Modern office building

by Laura Dobie

In this article we look at past and present incarnations of Enterprise Zones, their potential to create jobs and growth, and issues to address in policy approaches.

Past experiences and lessons learned

The Enterprise Zone concept emerged in the UK in the 1970s. They were conceived by the planning academic Peter Hall, with the idea that removing all obstacles faced by businesses, such as regulation and bureaucracy, would allow enterprise to prosper, prompting a surge in the number of companies, employment levels and incomes in areas which had been ravaged by industrial decline and restructuring.

Enterprise Zones were created in the UK between 1981 and 1996 and were mostly concentrated in areas of post-industrial decline on the outskirts of towns and cities. The policy, as it was implemented, departed somewhat from the original, free-for-all vision: the zones concentrated on built environment challenges and the use of capital-based grants and rebates to drive growth.
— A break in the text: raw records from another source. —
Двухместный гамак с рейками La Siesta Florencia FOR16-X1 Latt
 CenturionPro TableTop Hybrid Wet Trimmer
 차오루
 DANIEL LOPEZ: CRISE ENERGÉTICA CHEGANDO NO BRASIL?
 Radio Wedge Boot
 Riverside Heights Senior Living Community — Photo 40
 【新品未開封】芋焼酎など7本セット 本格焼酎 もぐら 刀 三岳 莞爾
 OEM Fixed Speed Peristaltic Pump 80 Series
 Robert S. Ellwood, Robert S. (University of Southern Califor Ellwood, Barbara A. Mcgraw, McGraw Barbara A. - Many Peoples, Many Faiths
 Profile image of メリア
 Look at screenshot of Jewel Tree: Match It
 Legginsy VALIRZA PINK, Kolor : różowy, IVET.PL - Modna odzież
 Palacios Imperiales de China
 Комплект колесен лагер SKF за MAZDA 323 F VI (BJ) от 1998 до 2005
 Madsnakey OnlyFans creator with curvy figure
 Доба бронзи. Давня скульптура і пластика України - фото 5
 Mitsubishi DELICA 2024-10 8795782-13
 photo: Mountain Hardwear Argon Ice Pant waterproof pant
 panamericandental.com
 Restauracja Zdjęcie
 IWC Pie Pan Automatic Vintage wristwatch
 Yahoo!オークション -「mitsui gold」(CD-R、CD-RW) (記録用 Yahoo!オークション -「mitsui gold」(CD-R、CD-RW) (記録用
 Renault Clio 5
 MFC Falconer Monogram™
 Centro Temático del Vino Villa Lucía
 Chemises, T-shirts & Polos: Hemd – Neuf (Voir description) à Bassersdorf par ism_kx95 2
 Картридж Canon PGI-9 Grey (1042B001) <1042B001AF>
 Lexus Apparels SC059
The incentives offered included:

  • 100 percent tax allowances for capital expenditure on constructing, improving or extending commercial or industrial buildings;
  • Exemption from Business Rates for industrial and commercial premises;
  • Simplified planning procedures;
  • Exemption from industrial training levies;
  • Faster processing of applications for firms requiring warehousing free of Customs duties;
  • A reduction in government requests for statistical information.

The Department for Environment’s final evaluation found that approximately 126,000 jobs were created, of which up to 58,000 were additional, and that additionality was highest for manufacturing and lowest for retailing and distribution activity. It estimated that the cost per additional job created was around £17,000 (£26,000 at current prices), assuming a ten year job life, and that over than £2 billion (1994/95 prices) of private capital was invested in property on the Enterprise Zones, a public to private leverage ratio of about 1 to 2.3.

However, Enterprise Zones have been subject to much criticism, and it has been argued that, overall, they did not produce a lasting recovery in investment and employment. (Danson, 2013, p17). Critics have highlighted the displacement effects of Enterprise Zones, i.e. that many jobs created in Enterprise Zones were displaced from other areas (Sissons and Brown, 2011), and the expensiveness of the policy (Larkin and Wilcox, 2011).